Whatever lies between the line that holds "Two Antique Japanese Bronze Vases" and the final line of the records below, both included, should be repeated exactly; leave out the pictures and add nothing.

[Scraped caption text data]

----------

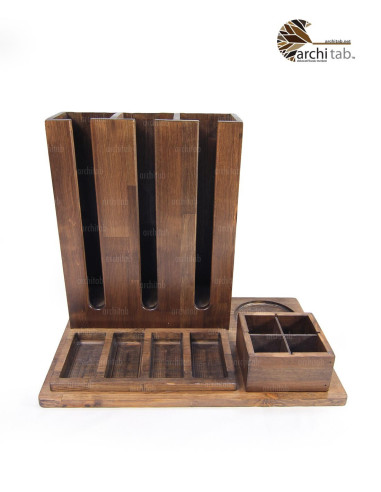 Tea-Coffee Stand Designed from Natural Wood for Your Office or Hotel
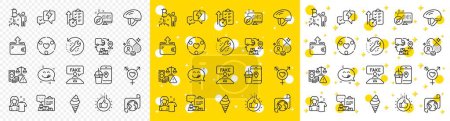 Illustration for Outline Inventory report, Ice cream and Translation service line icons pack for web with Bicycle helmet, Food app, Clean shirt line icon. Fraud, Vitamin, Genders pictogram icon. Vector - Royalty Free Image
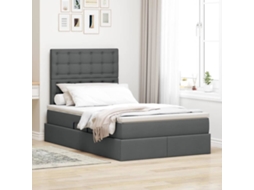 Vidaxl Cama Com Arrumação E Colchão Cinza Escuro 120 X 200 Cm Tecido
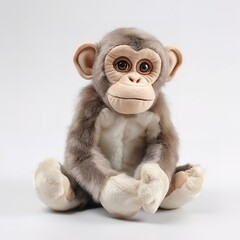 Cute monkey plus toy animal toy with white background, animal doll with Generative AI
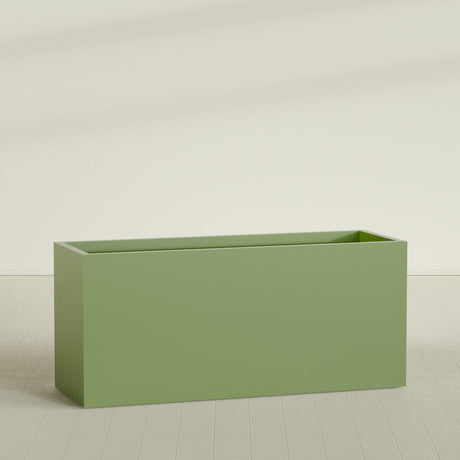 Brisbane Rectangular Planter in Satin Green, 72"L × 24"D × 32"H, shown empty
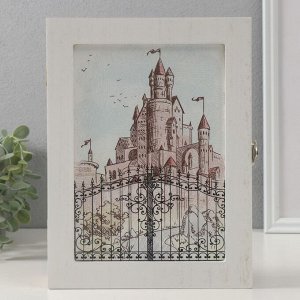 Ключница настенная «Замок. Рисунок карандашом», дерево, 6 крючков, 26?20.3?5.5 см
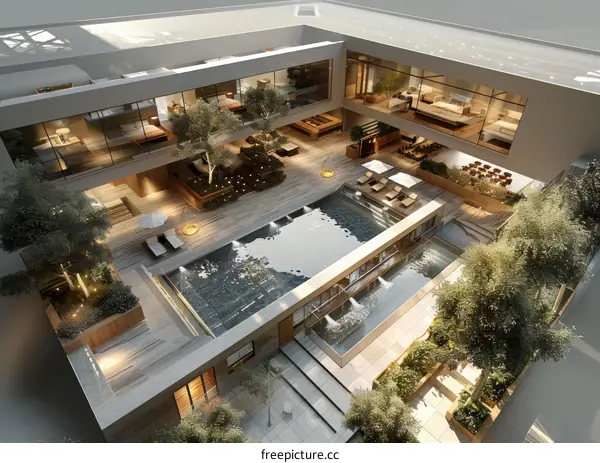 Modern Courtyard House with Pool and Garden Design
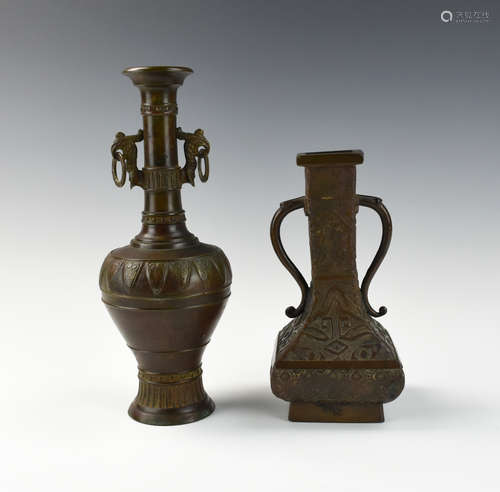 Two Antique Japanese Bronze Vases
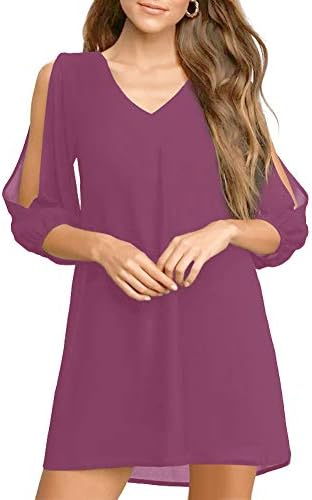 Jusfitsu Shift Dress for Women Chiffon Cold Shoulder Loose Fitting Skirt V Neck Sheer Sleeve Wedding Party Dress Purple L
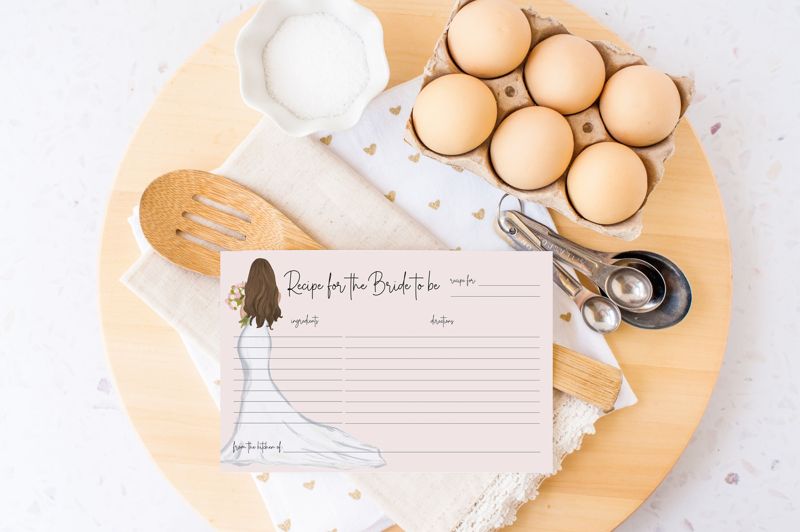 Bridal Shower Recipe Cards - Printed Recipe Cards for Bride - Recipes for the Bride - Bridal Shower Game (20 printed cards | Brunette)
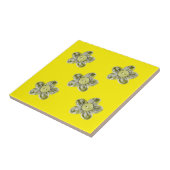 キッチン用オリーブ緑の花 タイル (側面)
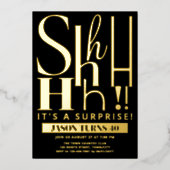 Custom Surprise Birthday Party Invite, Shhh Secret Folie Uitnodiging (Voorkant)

----------

--- Exercise solution ---
 Two Antique Japanese Bronze Vases
 Jusfitsu Shift Dress for Women Chiffon Cold Shoulder Loose Fitting Skirt V Neck Sheer Sleeve Wedding Party Dress Purple L
 Bridal Shower Recipe Cards - Printed Recipe Cards for Bride - Recipes for the Bride - Bridal Shower Game (20 printed cards | Brunette)
 キッチン用オリーブ緑の花 タイル (側面)
 Custom Surprise Birthday Party Invite, Shhh Secret Folie Uitnodiging (Voorkant)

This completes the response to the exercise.